▶ **What you are asked to do**: Write out each line of the entries exactly, starting at the first and finishing with the line that contains "During the main".

▶ **Stored items**:
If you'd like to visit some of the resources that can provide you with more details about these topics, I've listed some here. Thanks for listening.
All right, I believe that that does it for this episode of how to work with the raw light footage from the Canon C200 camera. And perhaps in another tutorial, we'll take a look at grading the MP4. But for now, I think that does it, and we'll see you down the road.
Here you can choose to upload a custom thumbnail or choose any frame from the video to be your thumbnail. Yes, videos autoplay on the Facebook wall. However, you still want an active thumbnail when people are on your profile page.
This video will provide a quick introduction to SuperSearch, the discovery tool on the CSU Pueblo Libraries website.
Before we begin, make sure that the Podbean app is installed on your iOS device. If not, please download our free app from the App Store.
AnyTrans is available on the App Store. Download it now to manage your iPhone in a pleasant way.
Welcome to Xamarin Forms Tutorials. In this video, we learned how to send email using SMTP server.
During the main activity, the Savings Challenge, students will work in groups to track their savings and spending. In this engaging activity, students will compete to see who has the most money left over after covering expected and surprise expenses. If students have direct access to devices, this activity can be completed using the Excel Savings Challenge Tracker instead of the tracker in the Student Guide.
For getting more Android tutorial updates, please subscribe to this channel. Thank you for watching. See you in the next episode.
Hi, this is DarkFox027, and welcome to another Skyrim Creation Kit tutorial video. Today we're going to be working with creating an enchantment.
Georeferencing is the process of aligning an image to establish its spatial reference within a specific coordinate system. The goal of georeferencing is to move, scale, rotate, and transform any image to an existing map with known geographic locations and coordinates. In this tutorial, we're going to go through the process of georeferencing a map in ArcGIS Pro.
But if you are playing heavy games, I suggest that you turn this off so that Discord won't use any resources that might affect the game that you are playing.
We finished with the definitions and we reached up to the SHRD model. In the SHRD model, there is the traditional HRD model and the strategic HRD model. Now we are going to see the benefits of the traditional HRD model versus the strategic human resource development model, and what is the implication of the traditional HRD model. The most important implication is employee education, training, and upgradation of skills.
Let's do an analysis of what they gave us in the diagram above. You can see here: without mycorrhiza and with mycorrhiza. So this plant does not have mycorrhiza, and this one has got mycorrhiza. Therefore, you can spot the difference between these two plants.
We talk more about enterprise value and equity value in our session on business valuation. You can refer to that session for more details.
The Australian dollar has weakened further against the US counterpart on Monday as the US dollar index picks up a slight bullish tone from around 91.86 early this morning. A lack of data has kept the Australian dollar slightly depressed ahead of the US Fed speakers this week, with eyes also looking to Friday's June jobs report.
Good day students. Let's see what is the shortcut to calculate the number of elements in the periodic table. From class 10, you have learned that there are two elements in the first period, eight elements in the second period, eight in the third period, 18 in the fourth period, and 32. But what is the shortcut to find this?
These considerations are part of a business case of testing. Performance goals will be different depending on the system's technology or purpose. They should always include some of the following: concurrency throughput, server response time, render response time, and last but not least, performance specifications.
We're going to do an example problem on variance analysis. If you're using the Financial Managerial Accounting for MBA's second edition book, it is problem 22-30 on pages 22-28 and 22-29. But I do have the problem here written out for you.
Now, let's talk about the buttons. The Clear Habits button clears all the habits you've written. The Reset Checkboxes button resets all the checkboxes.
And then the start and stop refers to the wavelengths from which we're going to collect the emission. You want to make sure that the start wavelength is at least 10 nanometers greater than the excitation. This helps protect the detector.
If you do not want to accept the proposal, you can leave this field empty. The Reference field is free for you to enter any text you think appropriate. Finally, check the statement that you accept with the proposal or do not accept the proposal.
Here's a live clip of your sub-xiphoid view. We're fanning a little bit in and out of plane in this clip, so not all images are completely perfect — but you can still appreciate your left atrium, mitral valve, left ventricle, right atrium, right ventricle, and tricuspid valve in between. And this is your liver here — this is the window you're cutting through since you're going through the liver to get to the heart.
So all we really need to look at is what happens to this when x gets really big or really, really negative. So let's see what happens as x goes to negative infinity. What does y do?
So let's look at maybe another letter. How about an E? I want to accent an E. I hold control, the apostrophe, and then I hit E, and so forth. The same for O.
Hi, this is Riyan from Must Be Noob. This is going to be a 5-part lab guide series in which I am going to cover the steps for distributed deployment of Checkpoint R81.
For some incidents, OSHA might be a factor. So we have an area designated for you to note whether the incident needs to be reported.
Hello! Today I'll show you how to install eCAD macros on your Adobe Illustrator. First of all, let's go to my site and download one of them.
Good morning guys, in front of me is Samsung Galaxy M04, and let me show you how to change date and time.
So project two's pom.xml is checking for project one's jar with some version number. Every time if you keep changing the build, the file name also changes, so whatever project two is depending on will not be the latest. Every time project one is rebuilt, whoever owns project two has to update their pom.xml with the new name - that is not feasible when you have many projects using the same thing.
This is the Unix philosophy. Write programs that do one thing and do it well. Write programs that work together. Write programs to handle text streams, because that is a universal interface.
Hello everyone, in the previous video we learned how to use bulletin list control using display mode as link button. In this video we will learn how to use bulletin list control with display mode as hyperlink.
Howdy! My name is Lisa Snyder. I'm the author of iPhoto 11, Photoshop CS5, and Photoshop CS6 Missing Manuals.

▶ **Solution**:
If you'd like to visit some of the resources that can provide you with more details about these topics, I've listed some here. Thanks for listening.
All right, I believe that that does it for this episode of how to work with the raw light footage from the Canon C200 camera. And perhaps in another tutorial, we'll take a look at grading the MP4. But for now, I think that does it, and we'll see you down the road.
Here you can choose to upload a custom thumbnail or choose any frame from the video to be your thumbnail. Yes, videos autoplay on the Facebook wall. However, you still want an active thumbnail when people are on your profile page.
This video will provide a quick introduction to SuperSearch, the discovery tool on the CSU Pueblo Libraries website.
Before we begin, make sure that the Podbean app is installed on your iOS device. If not, please download our free app from the App Store.
AnyTrans is available on the App Store. Download it now to manage your iPhone in a pleasant way.
Welcome to Xamarin Forms Tutorials. In this video, we learned how to send email using SMTP server.
During the main activity, the Savings Challenge, students will work in groups to track their savings and spending. In this engaging activity, students will compete to see who has the most money left over after covering expected and surprise expenses. If students have direct access to devices, this activity can be completed using the Excel Savings Challenge Tracker instead of the tracker in the Student Guide.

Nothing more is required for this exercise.